↓↓↓

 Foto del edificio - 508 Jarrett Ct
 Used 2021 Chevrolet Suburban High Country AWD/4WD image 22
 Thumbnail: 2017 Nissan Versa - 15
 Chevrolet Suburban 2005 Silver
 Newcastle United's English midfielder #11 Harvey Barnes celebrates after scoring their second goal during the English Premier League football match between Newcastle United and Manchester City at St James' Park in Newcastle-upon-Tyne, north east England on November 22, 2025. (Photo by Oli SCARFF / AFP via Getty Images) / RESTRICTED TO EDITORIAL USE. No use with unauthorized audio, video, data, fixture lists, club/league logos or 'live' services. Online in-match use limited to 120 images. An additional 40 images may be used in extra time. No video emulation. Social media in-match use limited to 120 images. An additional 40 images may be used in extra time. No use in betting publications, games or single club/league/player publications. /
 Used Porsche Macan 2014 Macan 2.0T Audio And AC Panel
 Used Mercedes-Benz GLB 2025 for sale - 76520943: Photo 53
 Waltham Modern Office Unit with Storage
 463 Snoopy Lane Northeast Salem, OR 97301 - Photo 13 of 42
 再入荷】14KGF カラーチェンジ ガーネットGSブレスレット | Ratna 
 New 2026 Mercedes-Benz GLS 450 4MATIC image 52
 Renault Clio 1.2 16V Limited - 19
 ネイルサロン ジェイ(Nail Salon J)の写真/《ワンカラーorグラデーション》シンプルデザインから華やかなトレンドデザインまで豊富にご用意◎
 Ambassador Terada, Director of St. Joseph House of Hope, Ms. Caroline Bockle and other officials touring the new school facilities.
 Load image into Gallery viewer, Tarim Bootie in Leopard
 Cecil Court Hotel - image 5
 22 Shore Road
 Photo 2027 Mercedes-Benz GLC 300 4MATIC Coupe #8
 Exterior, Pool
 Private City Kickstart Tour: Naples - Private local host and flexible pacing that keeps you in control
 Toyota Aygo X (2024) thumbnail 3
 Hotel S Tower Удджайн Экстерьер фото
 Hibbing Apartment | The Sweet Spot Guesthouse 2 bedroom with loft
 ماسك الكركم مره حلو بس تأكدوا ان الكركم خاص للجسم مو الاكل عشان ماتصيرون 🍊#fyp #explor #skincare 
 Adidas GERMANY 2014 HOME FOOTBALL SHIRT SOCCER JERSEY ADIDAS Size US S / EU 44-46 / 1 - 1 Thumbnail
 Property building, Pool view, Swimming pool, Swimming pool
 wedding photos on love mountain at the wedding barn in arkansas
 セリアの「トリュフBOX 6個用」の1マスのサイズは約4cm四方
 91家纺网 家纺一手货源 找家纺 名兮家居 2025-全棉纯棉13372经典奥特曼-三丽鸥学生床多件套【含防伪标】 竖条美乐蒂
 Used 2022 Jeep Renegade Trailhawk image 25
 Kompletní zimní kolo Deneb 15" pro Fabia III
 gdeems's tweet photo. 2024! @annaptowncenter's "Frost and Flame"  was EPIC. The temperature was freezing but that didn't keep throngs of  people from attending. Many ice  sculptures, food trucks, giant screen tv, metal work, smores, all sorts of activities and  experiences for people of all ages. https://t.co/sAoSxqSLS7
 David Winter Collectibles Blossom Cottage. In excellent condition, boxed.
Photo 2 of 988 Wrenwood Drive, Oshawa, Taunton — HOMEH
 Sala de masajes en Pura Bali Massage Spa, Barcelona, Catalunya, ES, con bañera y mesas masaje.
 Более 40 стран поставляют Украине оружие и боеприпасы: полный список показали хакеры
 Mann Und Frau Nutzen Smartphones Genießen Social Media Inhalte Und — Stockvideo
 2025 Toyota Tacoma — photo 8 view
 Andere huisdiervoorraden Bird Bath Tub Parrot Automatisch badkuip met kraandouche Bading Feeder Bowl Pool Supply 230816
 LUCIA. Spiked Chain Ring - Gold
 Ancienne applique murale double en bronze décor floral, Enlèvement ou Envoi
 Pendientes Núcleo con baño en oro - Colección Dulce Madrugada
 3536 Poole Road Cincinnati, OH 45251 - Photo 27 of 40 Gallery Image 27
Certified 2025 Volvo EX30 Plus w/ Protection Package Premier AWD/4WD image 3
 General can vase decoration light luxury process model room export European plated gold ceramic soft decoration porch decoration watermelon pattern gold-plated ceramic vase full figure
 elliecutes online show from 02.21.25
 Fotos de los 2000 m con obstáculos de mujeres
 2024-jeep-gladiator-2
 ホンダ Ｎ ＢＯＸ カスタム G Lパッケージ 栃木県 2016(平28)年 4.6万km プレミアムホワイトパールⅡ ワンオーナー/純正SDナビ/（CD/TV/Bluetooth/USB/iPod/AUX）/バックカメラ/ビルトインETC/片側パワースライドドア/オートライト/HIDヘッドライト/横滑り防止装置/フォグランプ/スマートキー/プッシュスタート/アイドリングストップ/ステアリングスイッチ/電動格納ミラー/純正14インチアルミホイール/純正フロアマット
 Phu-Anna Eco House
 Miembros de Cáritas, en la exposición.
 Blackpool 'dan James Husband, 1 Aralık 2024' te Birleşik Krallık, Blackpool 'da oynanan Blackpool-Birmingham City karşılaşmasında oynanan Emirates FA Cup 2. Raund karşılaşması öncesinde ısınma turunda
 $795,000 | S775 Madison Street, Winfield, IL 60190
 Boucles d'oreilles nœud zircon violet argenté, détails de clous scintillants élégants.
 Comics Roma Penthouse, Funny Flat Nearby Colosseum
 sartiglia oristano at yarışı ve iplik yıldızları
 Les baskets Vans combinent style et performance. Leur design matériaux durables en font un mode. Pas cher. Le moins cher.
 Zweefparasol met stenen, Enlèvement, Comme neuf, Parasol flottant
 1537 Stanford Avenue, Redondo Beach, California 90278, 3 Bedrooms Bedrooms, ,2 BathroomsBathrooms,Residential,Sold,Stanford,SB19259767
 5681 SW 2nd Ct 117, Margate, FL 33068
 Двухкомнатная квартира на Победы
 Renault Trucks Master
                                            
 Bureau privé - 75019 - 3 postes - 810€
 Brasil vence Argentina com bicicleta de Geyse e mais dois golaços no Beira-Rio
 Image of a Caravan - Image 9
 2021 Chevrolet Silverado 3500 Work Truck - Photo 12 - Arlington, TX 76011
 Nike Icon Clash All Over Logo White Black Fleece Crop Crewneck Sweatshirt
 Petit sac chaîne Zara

↑↑↑

### Problem
Please copy, exactly and with nothing else, the lines above beginning at the line that has "elliecutes online show from 02.21.25" and ending with the line that has "Blackpool 'dan James".

### Reply
 elliecutes online show from 02.21.25
 Fotos de los 2000 m con obstáculos de mujeres
 2024-jeep-gladiator-2
 ホンダ Ｎ ＢＯＸ カスタム G Lパッケージ 栃木県 2016(平28)年 4.6万km プレミアムホワイトパールⅡ ワンオーナー/純正SDナビ/（CD/TV/Bluetooth/USB/iPod/AUX）/バックカメラ/ビルトインETC/片側パワースライドドア/オートライト/HIDヘッドライト/横滑り防止装置/フォグランプ/スマートキー/プッシュスタート/アイドリングストップ/ステアリングスイッチ/電動格納ミラー/純正14インチアルミホイール/純正フロアマット
 Phu-Anna Eco House
 Miembros de Cáritas, en la exposición.
 Blackpool 'dan James Husband, 1 Aralık 2024' te Birleşik Krallık, Blackpool 'da oynanan Blackpool-Birmingham City karşılaşmasında oynanan Emirates FA Cup 2. Raund karşılaşması öncesinde ısınma turunda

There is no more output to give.